I wasn’t able to input the happiness cheat in The Sims 4, because the console’s on-screen keyboard didn’t allow press and click input. You can plug in additional accessories via the console’s USB-C port – and I was able to input the code by briefly attaching my Razer keyboard – but it’s a notable quirk that can prevent you from doing things you expect to be able to do when playing certain games.
This version of Windows 11 also refers to the ROG Ally as a PC or computer only, giving the sense that the OS isn’t really designed for this sort of application (it isn’t). Most of the time things are fine, but there’s no denying the range of quirks that disrupt the experience. It certainly isn’t seamless.
For another example, at a recent preview event for the console, the ROG Ally unit I was testing got stuck in a Windows restart loop when it tried to update software, taking around 15 minutes to properly start up.
Recent reports from other Australian journalists reviewing the ROG Ally indicate my experiences were relatively fortunate. One journalist reported losing access to Windows graphics drivers, which led to the console being unable to play games. Another told me their device briefly lost all control functionality, with buttons being rendered useless. While these experiences don’t match my own, they’re worth considering – as it appears the Asus ROG Ally is still contending with a number of software-based bugs that impact consoles at random.
There is hope these issues will be addressed prior to the console’s public launch, but just weeks ahead of its 13 June 2023 release date, bugs are still very much present.
Quirks with Windows 11 aside, the Asus ROG Ally is an impressive, well-designed device with endless potential. Its lack of stability may inspire caution for some – but should software issues be sorted by launch, there’s plenty of novelty and enjoyment to be squeezed from this fantastic handheld.

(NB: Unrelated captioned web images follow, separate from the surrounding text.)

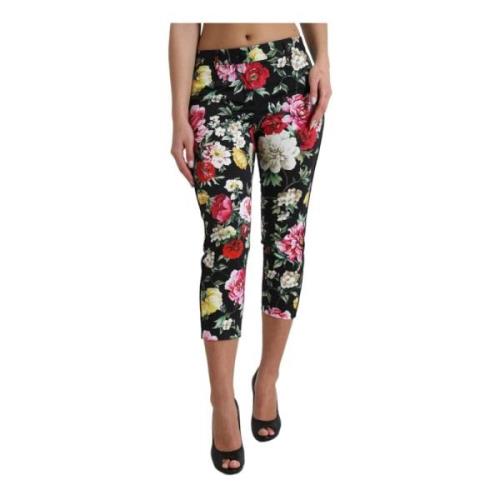 Zwarte Bloemen Mid Taille Broek Dolce & Gabbana , Multicolor , Dames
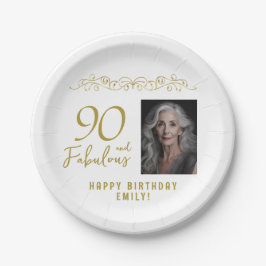 90 und fabelhaftes Gold-Ornament 90. Geburtstag Fo Pappteller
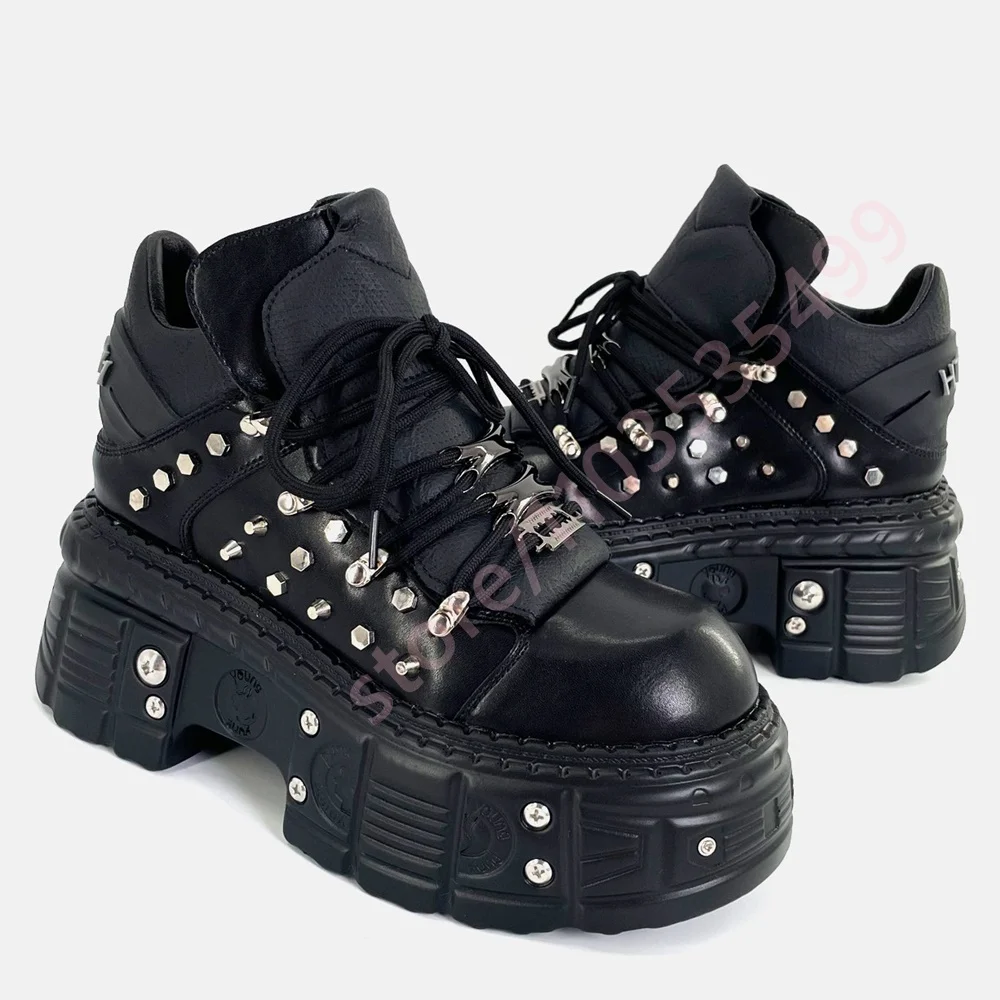 2026 New Black Punk Studded Platform Ankle Boots for Women Gothic Rock Style Chunky Heel Lace-Up Fashion Combat Shoes
2026 New Black Punk Studded Platform Ankle Boots for Women Gothic Rock Style Chunky Heel Lace-Up Fashion Combat Shoes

As someone who sits at a desk every day, the capacity to get up, grab the ROG Ally, and sit or walk anywhere with a hearty catalog of PC games on board, is an absolute joy. I spent the majority of my time with the console sitting in a living room, sharing time with family – getting to enjoy my favourite games without cloistering myself in my room. While gaming solo is not a particularly social activity, the console’s portability had the added benefit of letting me spend at least a little more time with loved ones.
Even frequently having to get up and charge the device didn’t diminish my enjoyment of it. While frustrations with the software may cause some concern, in my experience, the Asus ROG Ally is a solid and very convenient handheld gaming PC great for casual or unfussy PC gamers.
The Asus ROG Ally launches for AU $1,299 on 13 June 2023.
An Asus ROG Ally was provided on a temporary loan for the purposes of this review.